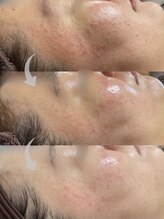 コア(Coeur)/lamination peeling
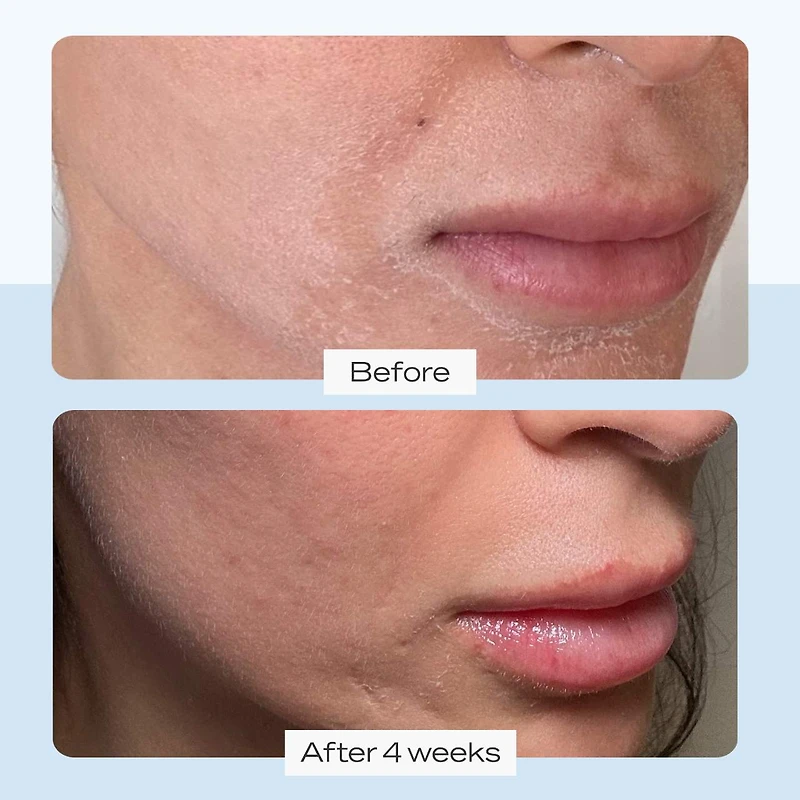 Crème hydratante intense Ultra Repair®, hydratant pour le visage et corps la réparation de peau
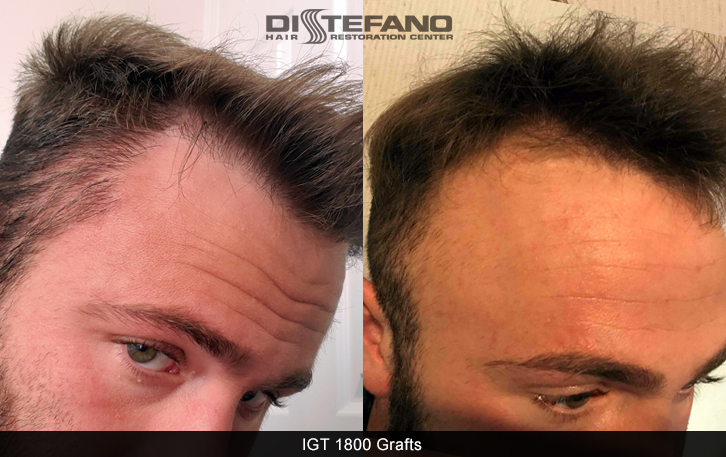 Gallery: Real Patient Results - Hair Transplants & Hair Loss Restoration in  CT, MA, RI & NH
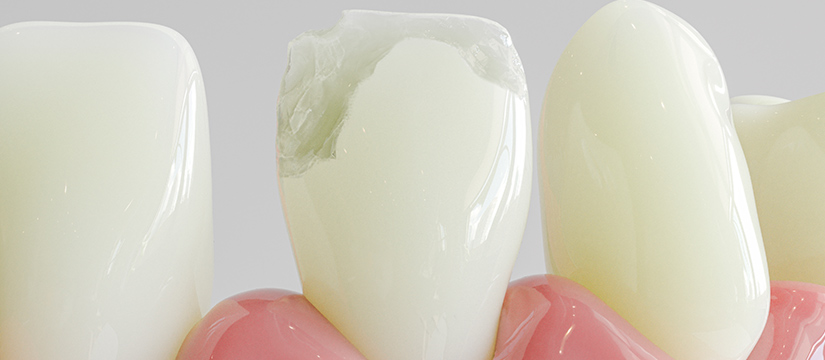 caries blancas en dientes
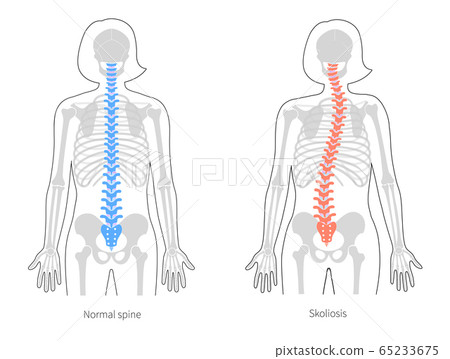 Scoliosis flat vector illustration 65233675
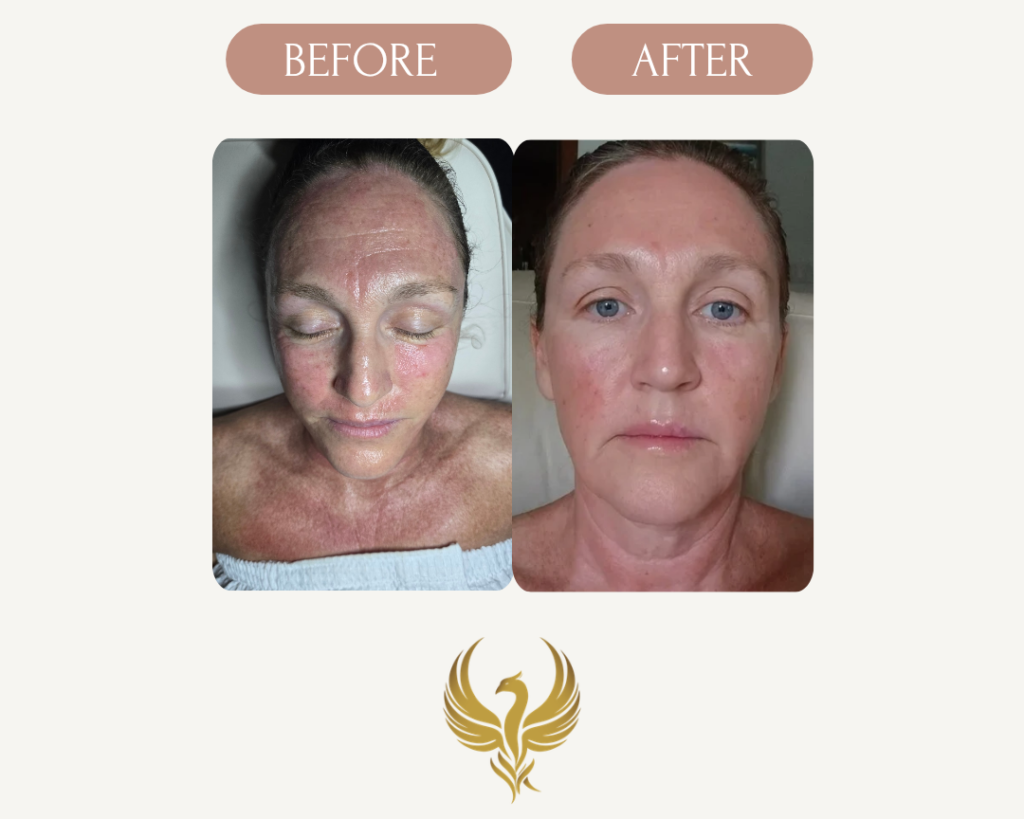 Results 24 hrs After Microneedling with PRP for Fine lines, Scars and Sun Damage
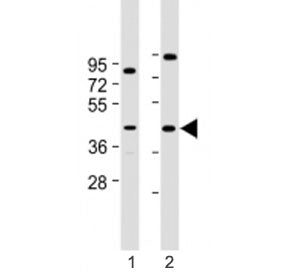 Prostaglandin D2 Receptor Antibody / PTGDR (C-Terminal Region)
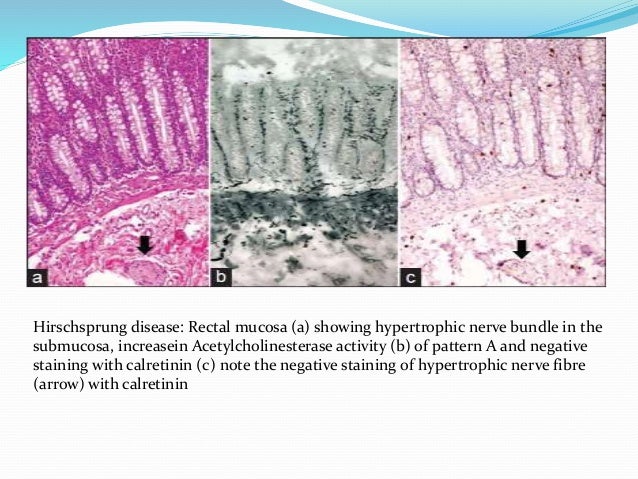 Hirschprung's disease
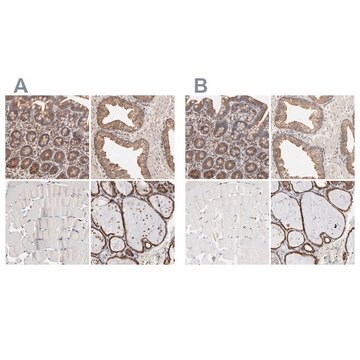 Anti-PDIA3 antibody produced in rabbit Ab1, Prestige Antibodies&#174; Powered by Atlas Antibodies, affinity isolated antibody, buffered aqueous glycerol solution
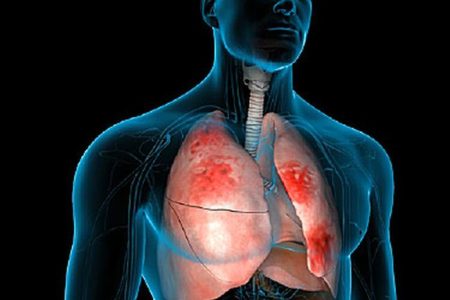 pneumonia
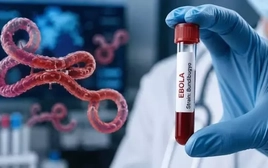 Bộ Y tế kích hoạt giám sát dich Ebola, tăng cường ngăn dịch xâm nhập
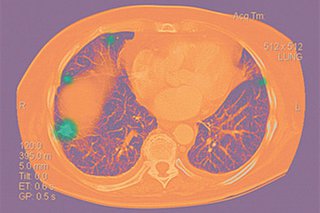 Many Lung Cancers Are Now In Nonsmokers What Experts Want You To Know - 3gvsfsb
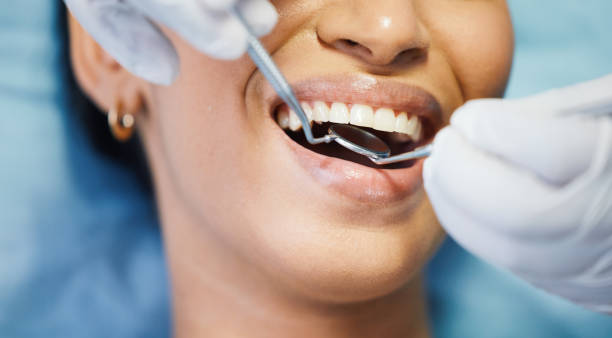Best Chipped Tooth Repair Near Me  in Sierra Ridge, CO
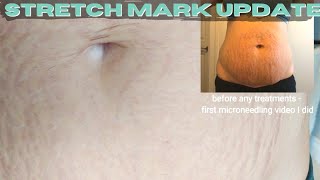 Stretch Mark Update  Car Accident  Avologi Eneo Advanced [upl. by Kirsti]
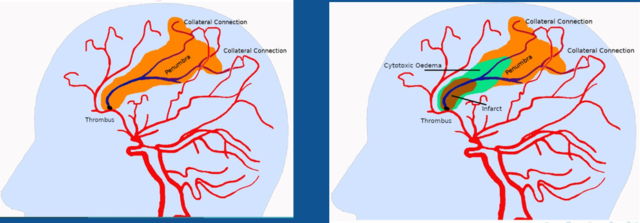 Figure 1: Evolution of an Ischemic Stroke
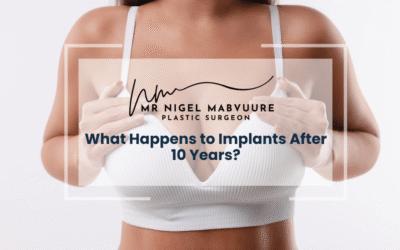 What Happens to Implants After 10 Years?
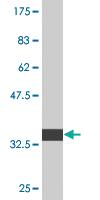 Anti-ALOX15B Mouse Monoclonal Antibody [clone: 4A7]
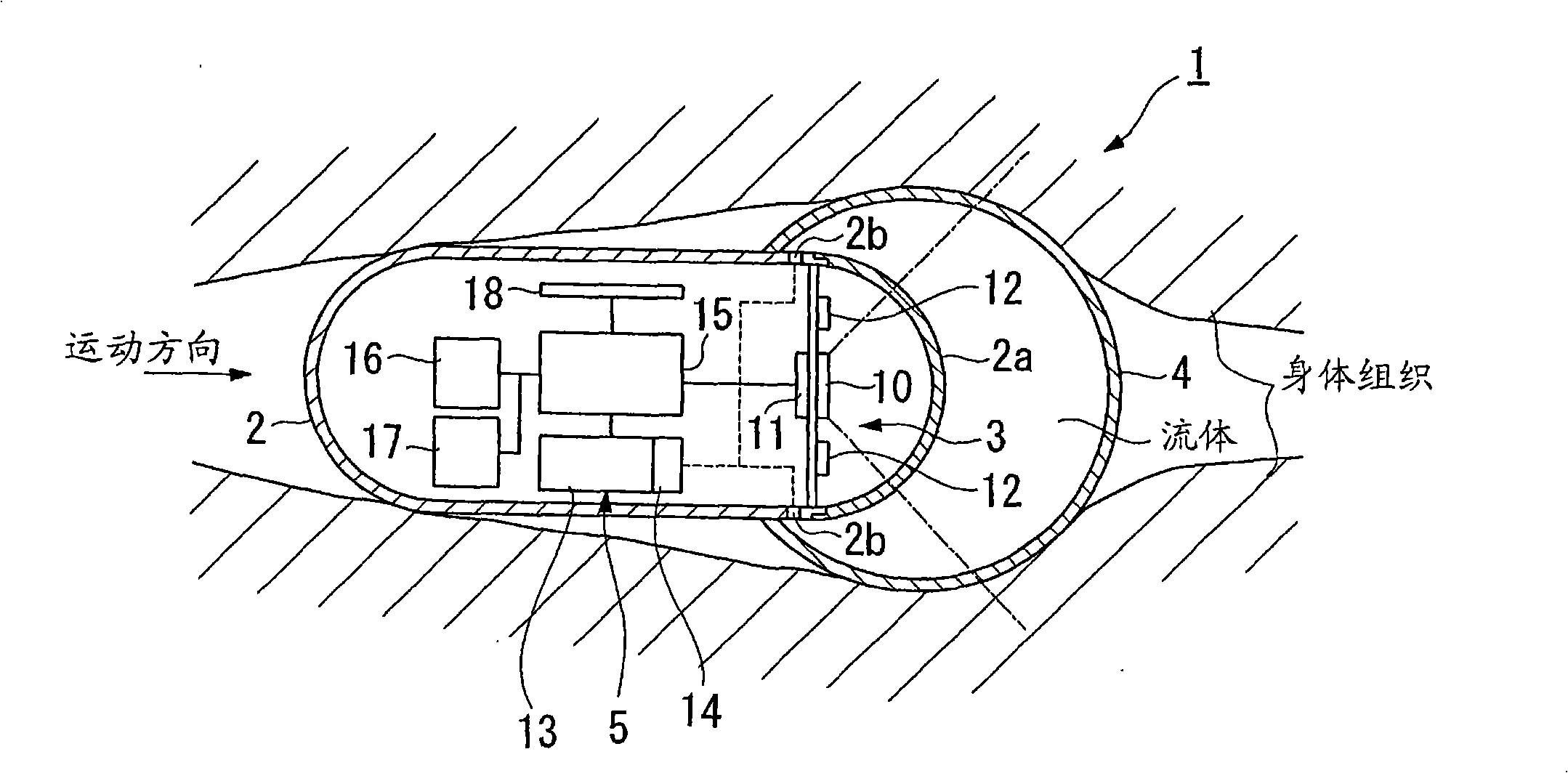 Body inside observation device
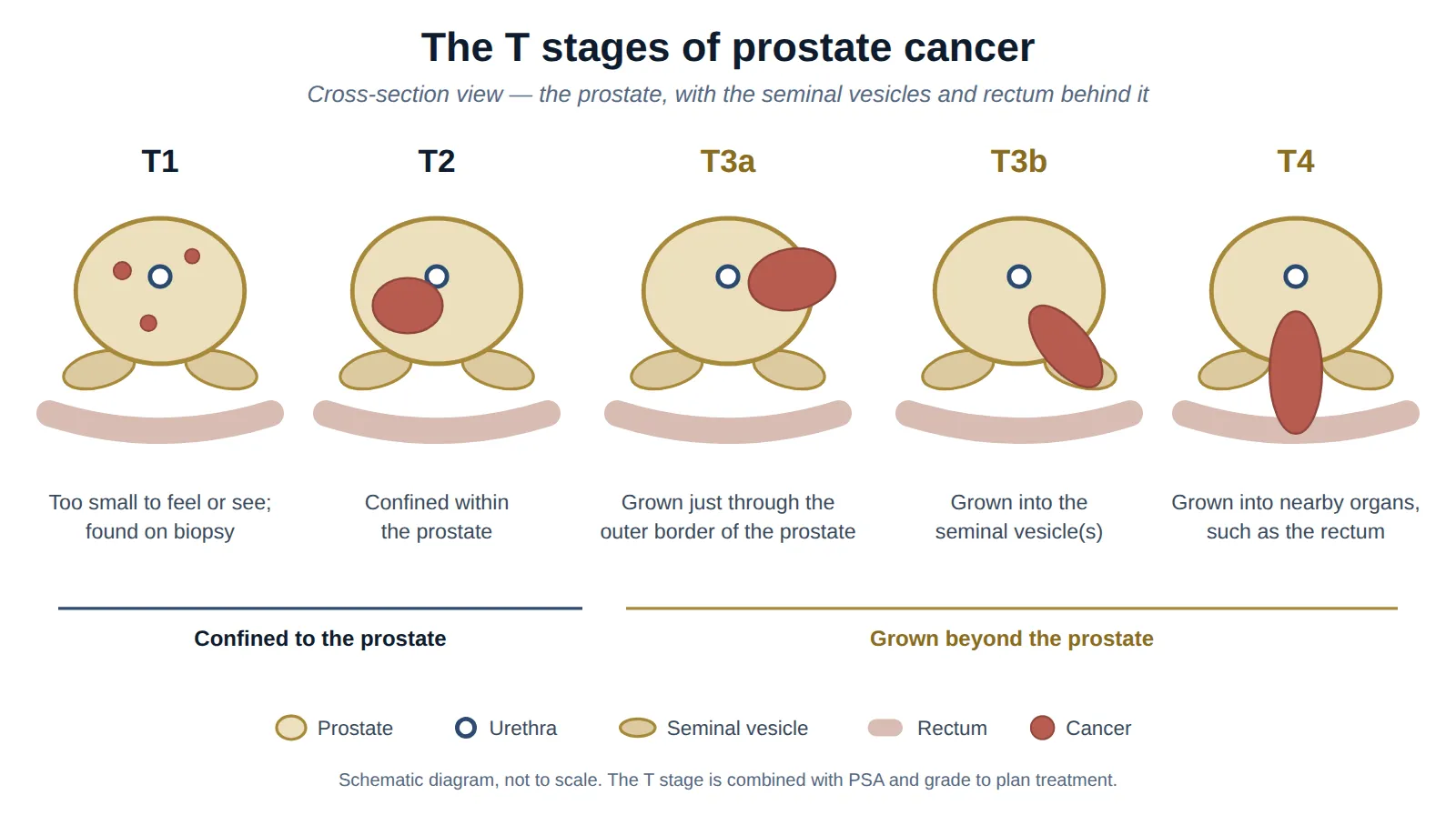 Cross-section diagrams of the T stages of prostate cancer: T1 tiny tumours inside the prostate; T2 a tumour confined within the prostate; T3a a tumour growing just through the outer border; T3b a tumour growing into a seminal vesicle; T4 a tumour growing into the rectum.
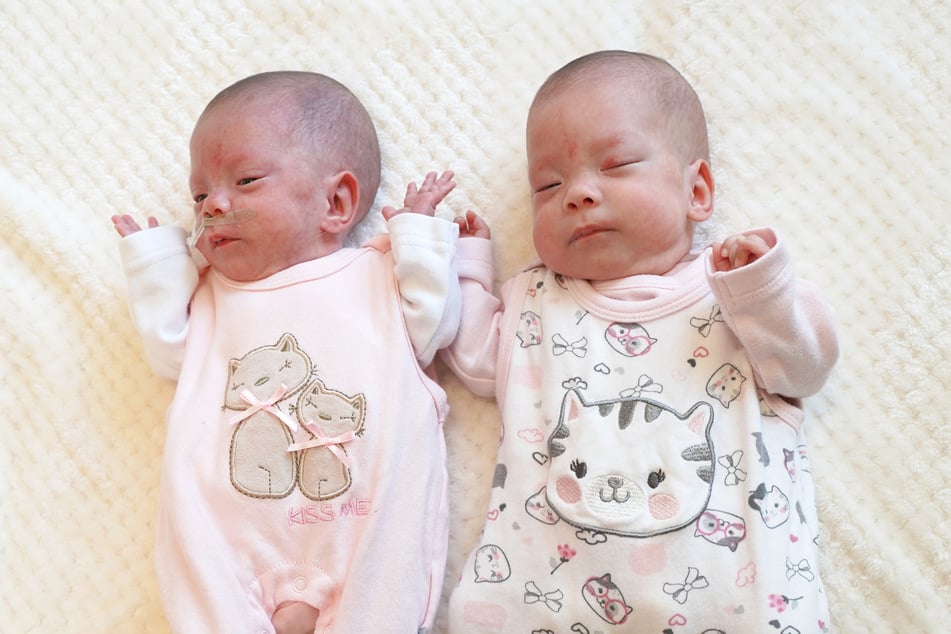 Wie süß: Die Zwillinge Jasmin Malisa und Emily Lalisa kamen Mitte Juli im Chemnitzer Klinikum zur Welt.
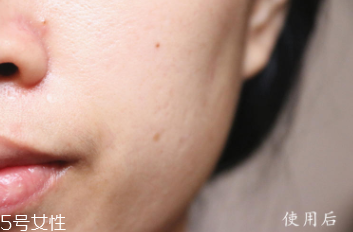 悅木之源和伊麗莎白雅頓哪個好？兩款精華大比拼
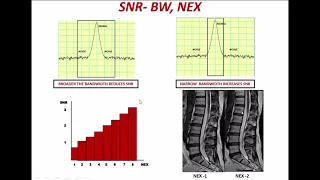 TIPS AND TRICKS TO  PERFECT MRI IMAGING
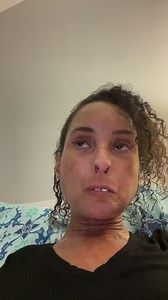 4.1K views · 404 reactions | A few jumbled thoughts at the end of a long day. Happy Scleroderma Awareness Month? Scleroderma patient 16 years and counting. #sclerodermastrong | Scleroderma Strong | Facebook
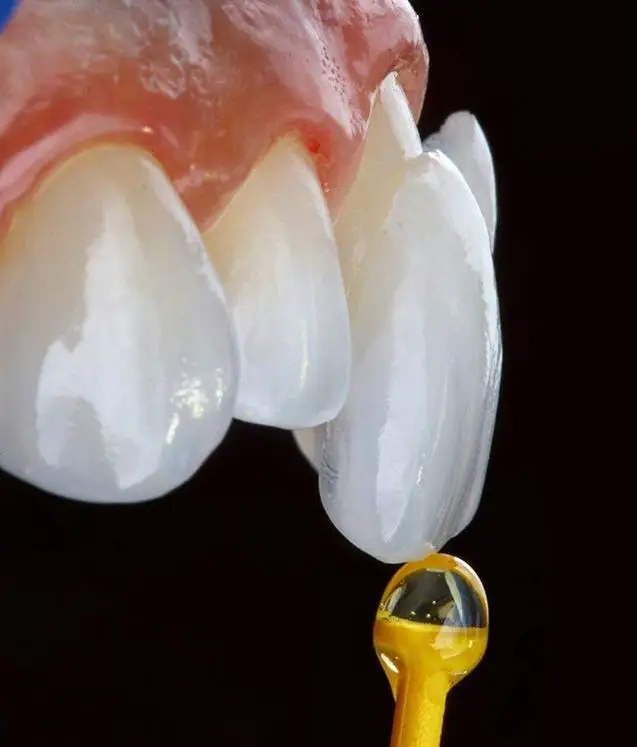 Ilustrație pentru procesul de aplixare al fațetelor dentare, un proces nedureros care tranfomră dantura într-una perfectă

========================================

Without any of the pictures, reproduce the listing above exactly.

• WRITTEN ANSWER:
 コア(Coeur)/lamination peeling
 Crème hydratante intense Ultra Repair®, hydratant pour le visage et corps la réparation de peau
 Gallery: Real Patient Results - Hair Transplants & Hair Loss Restoration in  CT, MA, RI & NH
 caries blancas en dientes
 Scoliosis flat vector illustration 65233675
 Results 24 hrs After Microneedling with PRP for Fine lines, Scars and Sun Damage
 Prostaglandin D2 Receptor Antibody / PTGDR (C-Terminal Region)
 Hirschprung's disease
 Anti-PDIA3 antibody produced in rabbit Ab1, Prestige Antibodies&#174; Powered by Atlas Antibodies, affinity isolated antibody, buffered aqueous glycerol solution
 pneumonia
 Bộ Y tế kích hoạt giám sát dich Ebola, tăng cường ngăn dịch xâm nhập
 Many Lung Cancers Are Now In Nonsmokers What Experts Want You To Know - 3gvsfsb
Best Chipped Tooth Repair Near Me  in Sierra Ridge, CO
 Stretch Mark Update  Car Accident  Avologi Eneo Advanced [upl. by Kirsti]
 Figure 1: Evolution of an Ischemic Stroke
 What Happens to Implants After 10 Years?
 Anti-ALOX15B Mouse Monoclonal Antibody [clone: 4A7]
 Body inside observation device
 Cross-section diagrams of the T stages of prostate cancer: T1 tiny tumours inside the prostate; T2 a tumour confined within the prostate; T3a a tumour growing just through the outer border; T3b a tumour growing into a seminal vesicle; T4 a tumour growing into the rectum.
 Wie süß: Die Zwillinge Jasmin Malisa und Emily Lalisa kamen Mitte Juli im Chemnitzer Klinikum zur Welt.
 悅木之源和伊麗莎白雅頓哪個好？兩款精華大比拼
 TIPS AND TRICKS TO  PERFECT MRI IMAGING
 4.1K views · 404 reactions | A few jumbled thoughts at the end of a long day. Happy Scleroderma Awareness Month? Scleroderma patient 16 years and counting. #sclerodermastrong | Scleroderma Strong | Facebook
 Ilustrație pentru procesul de aplixare al fațetelor dentare, un proces nedureros care tranfomră dantura într-una perfectă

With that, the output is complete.